Pennington Parish Funeral Bier

The Funeral Bier

Pennington Parish Wheeled Funeral Bier

The Pennington Parish wheeled funeral bier is 99 years old, originally purchased in 1919 to transport residents of the Parish on their last journey, it is a testament to its workmanship. It has been used twice within the last 10 years. It was beautifully restored recently by a local resident. Can anyone help me by providing me with any information about it.

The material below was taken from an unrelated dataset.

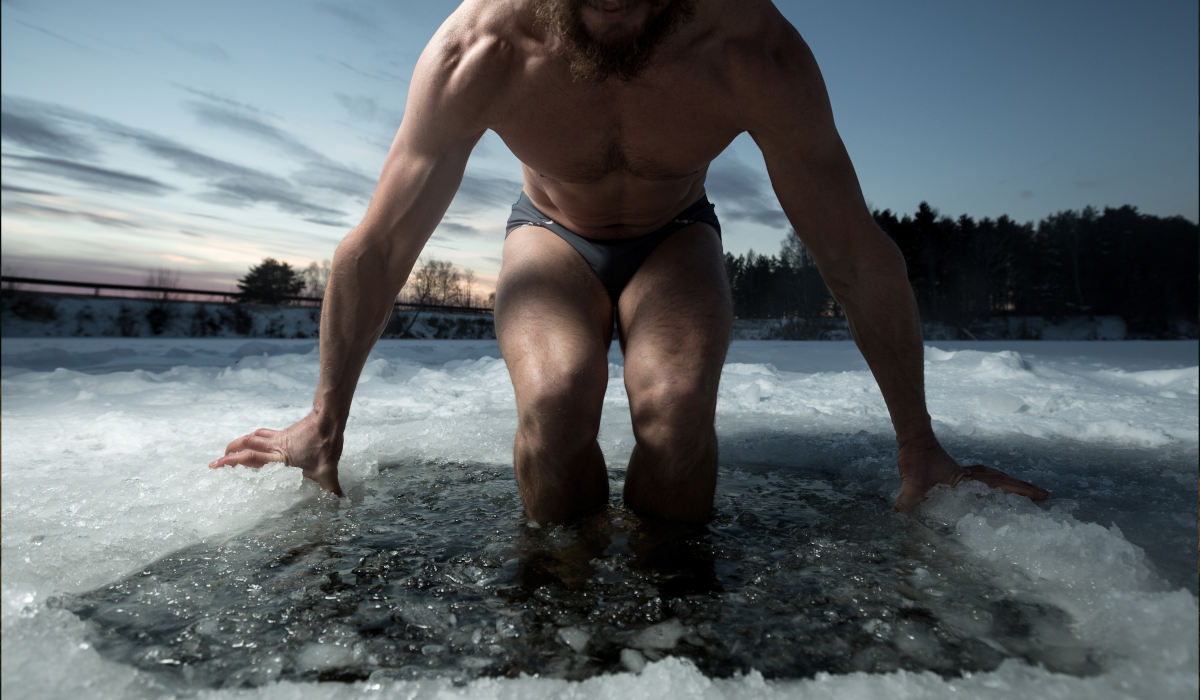 Man in ice pool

The archived Pennington Parish minutes has been very useful, but apart from contacting Gadsdons who built the Chassis, there is no information on who did the carpentry.

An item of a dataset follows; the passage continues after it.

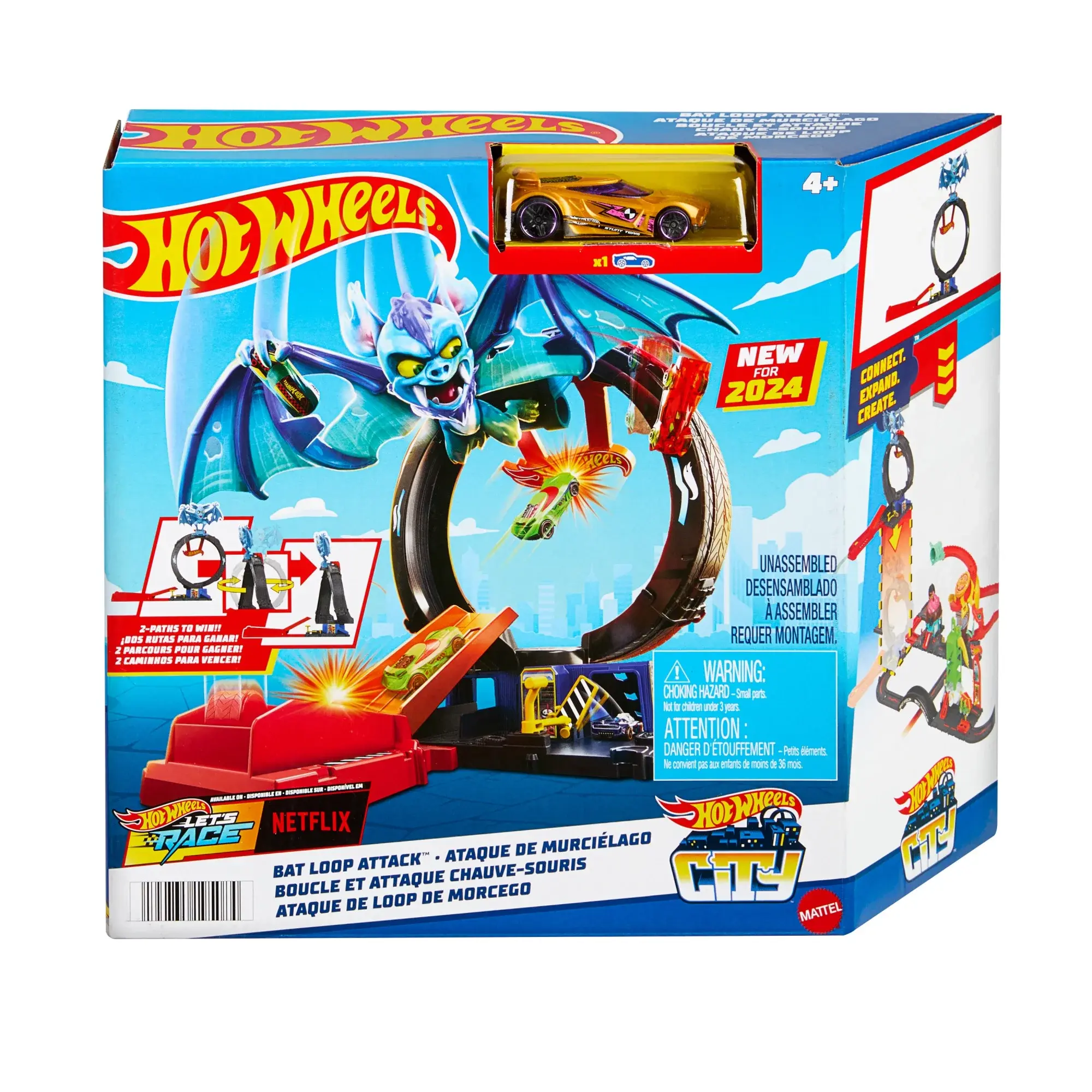Hot Wheels City Bat Loop Attack Playset Inspired by Netflix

From Pennington Parish archived minutes:

J.H PARK Chairman 6 August 1919:
The chairman reported that he had accepted (subject to the approval the Parish Council) the wheeled bier which the inhabitants of the parish had subscribed to and purchased, for the use of the parish, to be held and maintained by the Parish Council.
A sum of money being the balance of the money collected for the above was also being handed over to go towards providing a suitable building for the Bier.
The Parish Council unanimously agreed to accept the gift and provide a suitable building.


Gadsdons Coach Builders

From Peter Gadsdon:
The Pennington funeral bier metal chassis is marked with the name Gadsdons, London.The firm was started in the early 1800s by Richard Gadsdon. He had served an apprenticeship as a coach plater, a coach plater is someone who makes metal parts for carriages, furniture and ships. He started the firm in the top floor of his brother’s Henrys silk dyeing business. Richard’s sons and grandsons carried on the business after their own apprenticeships as coach platers. By the 1900s the firm was mainly a wholesaler for horse carriage parts, motorised vehicle parts and charabanc parts.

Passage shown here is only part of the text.